Extracted records

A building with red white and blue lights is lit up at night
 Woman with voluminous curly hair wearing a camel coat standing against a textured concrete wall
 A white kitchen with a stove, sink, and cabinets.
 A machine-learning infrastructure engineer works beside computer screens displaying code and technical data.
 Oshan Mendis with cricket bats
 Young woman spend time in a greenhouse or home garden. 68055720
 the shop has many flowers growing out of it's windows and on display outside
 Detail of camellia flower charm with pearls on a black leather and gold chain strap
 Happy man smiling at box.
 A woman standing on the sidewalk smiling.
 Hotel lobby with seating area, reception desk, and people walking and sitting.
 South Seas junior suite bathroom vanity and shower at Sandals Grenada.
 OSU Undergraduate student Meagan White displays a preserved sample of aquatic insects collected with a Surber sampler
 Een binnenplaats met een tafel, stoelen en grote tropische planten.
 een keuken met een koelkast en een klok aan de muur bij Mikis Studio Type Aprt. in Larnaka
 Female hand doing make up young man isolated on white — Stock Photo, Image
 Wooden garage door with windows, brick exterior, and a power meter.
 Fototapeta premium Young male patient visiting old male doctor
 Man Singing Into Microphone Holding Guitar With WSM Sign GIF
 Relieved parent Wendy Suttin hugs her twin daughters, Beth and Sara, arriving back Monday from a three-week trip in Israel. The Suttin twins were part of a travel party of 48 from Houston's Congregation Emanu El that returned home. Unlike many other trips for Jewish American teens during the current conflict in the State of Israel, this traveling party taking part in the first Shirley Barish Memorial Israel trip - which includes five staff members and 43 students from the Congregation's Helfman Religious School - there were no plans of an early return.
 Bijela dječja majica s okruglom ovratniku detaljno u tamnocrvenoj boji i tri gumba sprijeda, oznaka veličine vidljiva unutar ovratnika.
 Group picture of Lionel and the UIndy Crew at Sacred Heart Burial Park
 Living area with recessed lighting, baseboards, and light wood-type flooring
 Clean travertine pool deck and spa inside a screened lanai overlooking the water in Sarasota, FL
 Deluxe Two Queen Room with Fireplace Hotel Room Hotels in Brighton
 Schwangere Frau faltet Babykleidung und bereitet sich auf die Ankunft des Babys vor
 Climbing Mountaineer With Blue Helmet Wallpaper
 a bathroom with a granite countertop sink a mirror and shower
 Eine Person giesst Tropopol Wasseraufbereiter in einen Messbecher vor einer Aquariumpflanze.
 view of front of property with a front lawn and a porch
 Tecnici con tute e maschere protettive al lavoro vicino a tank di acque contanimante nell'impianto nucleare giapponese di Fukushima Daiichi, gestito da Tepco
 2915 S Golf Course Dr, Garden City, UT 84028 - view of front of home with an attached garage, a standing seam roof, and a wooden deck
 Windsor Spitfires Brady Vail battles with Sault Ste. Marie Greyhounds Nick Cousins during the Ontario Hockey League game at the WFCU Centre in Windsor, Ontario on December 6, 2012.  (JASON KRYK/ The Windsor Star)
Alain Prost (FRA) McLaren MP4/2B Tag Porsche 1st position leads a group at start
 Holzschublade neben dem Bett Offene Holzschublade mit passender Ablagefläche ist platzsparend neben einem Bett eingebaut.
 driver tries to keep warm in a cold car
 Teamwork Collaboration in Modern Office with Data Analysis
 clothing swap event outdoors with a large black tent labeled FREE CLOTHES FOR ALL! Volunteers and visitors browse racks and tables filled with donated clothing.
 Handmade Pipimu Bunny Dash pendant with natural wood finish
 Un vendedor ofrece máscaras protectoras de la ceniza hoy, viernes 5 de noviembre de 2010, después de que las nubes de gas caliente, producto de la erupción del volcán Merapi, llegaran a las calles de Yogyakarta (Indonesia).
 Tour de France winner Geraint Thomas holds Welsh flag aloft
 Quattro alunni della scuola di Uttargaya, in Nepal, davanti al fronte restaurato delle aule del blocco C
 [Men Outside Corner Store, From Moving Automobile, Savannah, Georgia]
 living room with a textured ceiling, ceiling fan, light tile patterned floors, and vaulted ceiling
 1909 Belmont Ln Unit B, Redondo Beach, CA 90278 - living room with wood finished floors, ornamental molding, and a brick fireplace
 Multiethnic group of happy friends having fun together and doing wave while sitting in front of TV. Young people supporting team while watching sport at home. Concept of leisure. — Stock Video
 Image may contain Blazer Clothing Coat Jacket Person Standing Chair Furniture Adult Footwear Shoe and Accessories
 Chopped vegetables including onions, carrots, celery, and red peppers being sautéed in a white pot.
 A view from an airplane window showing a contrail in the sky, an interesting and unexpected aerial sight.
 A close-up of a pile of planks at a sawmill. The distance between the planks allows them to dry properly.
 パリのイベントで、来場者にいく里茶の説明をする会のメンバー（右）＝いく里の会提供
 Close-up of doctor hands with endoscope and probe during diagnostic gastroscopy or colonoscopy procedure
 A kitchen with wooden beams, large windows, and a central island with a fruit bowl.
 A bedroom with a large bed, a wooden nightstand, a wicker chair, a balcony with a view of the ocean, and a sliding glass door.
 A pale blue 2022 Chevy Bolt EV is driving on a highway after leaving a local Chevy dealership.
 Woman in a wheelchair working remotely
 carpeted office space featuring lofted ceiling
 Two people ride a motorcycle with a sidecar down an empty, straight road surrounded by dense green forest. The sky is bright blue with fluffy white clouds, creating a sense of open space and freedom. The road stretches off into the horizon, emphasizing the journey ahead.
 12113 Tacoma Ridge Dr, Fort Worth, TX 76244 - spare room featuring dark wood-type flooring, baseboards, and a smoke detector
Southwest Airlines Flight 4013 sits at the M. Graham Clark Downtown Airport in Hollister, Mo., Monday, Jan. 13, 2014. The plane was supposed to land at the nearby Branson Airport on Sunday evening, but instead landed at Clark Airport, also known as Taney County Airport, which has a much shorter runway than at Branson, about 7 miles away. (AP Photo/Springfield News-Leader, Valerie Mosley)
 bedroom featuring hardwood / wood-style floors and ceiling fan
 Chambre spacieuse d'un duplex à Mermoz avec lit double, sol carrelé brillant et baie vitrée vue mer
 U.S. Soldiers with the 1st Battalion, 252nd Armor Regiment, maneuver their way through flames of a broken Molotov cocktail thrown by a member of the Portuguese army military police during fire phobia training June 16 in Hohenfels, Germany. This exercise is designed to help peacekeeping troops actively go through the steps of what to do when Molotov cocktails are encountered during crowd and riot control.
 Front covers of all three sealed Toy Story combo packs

● **ABOUT THIS EXERCISE**: Copy the stretch of the records above that runs from the line with "Tour de France" through the line with "A kitchen with". Both end lines belong in the copy, and nothing else does.

● **RESULT**:
 Tour de France winner Geraint Thomas holds Welsh flag aloft
 Quattro alunni della scuola di Uttargaya, in Nepal, davanti al fronte restaurato delle aule del blocco C
 [Men Outside Corner Store, From Moving Automobile, Savannah, Georgia]
 living room with a textured ceiling, ceiling fan, light tile patterned floors, and vaulted ceiling
 1909 Belmont Ln Unit B, Redondo Beach, CA 90278 - living room with wood finished floors, ornamental molding, and a brick fireplace
 Multiethnic group of happy friends having fun together and doing wave while sitting in front of TV. Young people supporting team while watching sport at home. Concept of leisure. — Stock Video
 Image may contain Blazer Clothing Coat Jacket Person Standing Chair Furniture Adult Footwear Shoe and Accessories
 Chopped vegetables including onions, carrots, celery, and red peppers being sautéed in a white pot.
 A view from an airplane window showing a contrail in the sky, an interesting and unexpected aerial sight.
 A close-up of a pile of planks at a sawmill. The distance between the planks allows them to dry properly.
 パリのイベントで、来場者にいく里茶の説明をする会のメンバー（右）＝いく里の会提供
 Close-up of doctor hands with endoscope and probe during diagnostic gastroscopy or colonoscopy procedure
 A kitchen with wooden beams, large windows, and a central island with a fruit bowl.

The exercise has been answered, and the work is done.